TASK ITEM:
Begin at the line below that has "2-к квартира, на". Stop after the line that has "Li'l Depressed Boy Volume 00 Tp", repeating each line exactly and leaving out the pictures.

Short web captions:

Segment Open

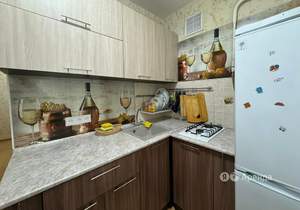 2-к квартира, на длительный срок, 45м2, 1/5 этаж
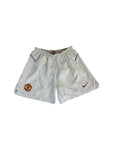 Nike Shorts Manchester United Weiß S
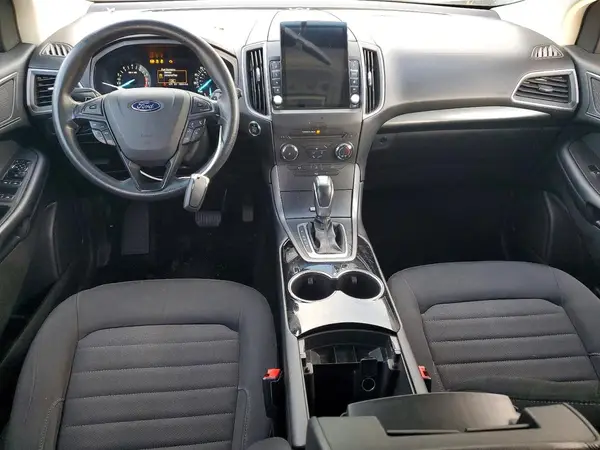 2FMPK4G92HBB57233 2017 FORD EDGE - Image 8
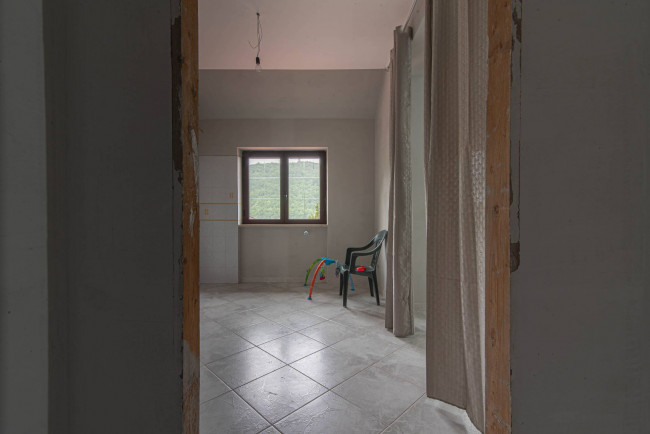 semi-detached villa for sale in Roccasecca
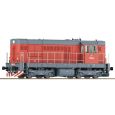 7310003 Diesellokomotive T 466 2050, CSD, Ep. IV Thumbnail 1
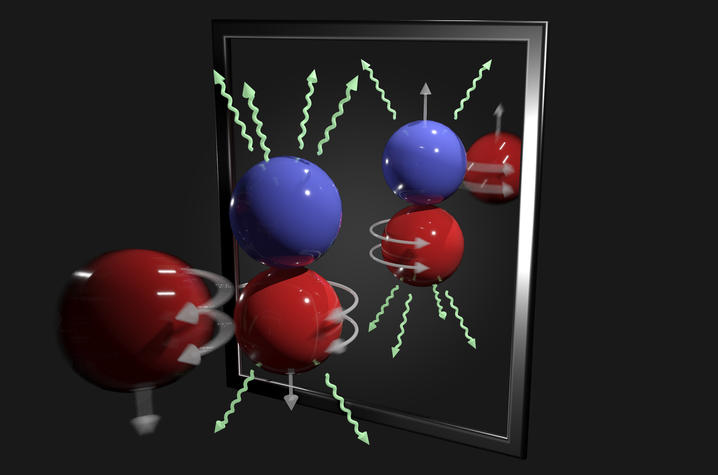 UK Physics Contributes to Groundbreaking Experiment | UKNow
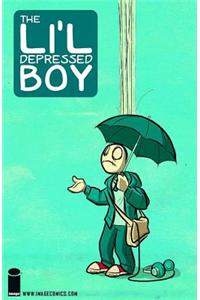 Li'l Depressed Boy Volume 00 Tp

Segment Closed
Segment Open

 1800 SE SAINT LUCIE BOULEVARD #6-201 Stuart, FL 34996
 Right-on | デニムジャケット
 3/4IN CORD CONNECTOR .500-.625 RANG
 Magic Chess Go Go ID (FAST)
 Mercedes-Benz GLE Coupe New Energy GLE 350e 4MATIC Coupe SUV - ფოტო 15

Segment Closed

RESULT OF THIS TASK:
 2-к квартира, на длительный срок, 45м2, 1/5 этаж
 Nike Shorts Manchester United Weiß S
 2FMPK4G92HBB57233 2017 FORD EDGE - Image 8
 semi-detached villa for sale in Roccasecca
 7310003 Diesellokomotive T 466 2050, CSD, Ep. IV Thumbnail 1
 UK Physics Contributes to Groundbreaking Experiment | UKNow
 Li'l Depressed Boy Volume 00 Tp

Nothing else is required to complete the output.